Meine kleine, süße Maus schläft die ganze Nacht in ihrem eigenen Erbrochenen und ich merk’s nicht. Oder noch schlimmer: ich hätte es merken können und bin nicht rein gegangen. Weil ich mit Kind zwei beschäftigt war. Weil mir ein bisschen Schlaf wichtiger war, als nach zu sehen, warum sie geweint hat. Bäm. Was für eine Rabenmutter.

Zu meiner Rechtfertigung (also zur Linderung meiner Gewissensbisse): Sie hat anscheinend im Halbschlaf gebrochen und danach sofort weiter geschlafen.

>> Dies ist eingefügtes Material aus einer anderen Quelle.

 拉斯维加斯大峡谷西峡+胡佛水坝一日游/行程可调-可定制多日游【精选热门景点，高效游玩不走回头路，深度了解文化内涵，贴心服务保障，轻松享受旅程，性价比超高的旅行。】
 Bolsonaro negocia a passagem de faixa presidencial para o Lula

Im Laufe des Tages hat sie sich noch zwei Mal erbrochen und beide Male nur unmittelbar dabei geweint, danach weiter gespielt als sei nichts passiert.
Normalerweise ruft sie uns, wenn irgendetwas ist, bzw. gehen wir natürlich ins Zimmer wenn sie weint, drehen aber halt manchmal um, wenn es im Kinderzimmer schon wieder still ist bevor wir die Tür geöffnet haben. Das kleine Fräulein hat nämlich einen sehr leichten Schlaf, steht sofort senkrecht im Bett, wenn man auch noch so leise versucht sich ins Zimmer zu schleichen. Und dann ist sie erst mal wach. Die nächsten zwei Stunden braucht dann hier niemand an Schlaf zu denken…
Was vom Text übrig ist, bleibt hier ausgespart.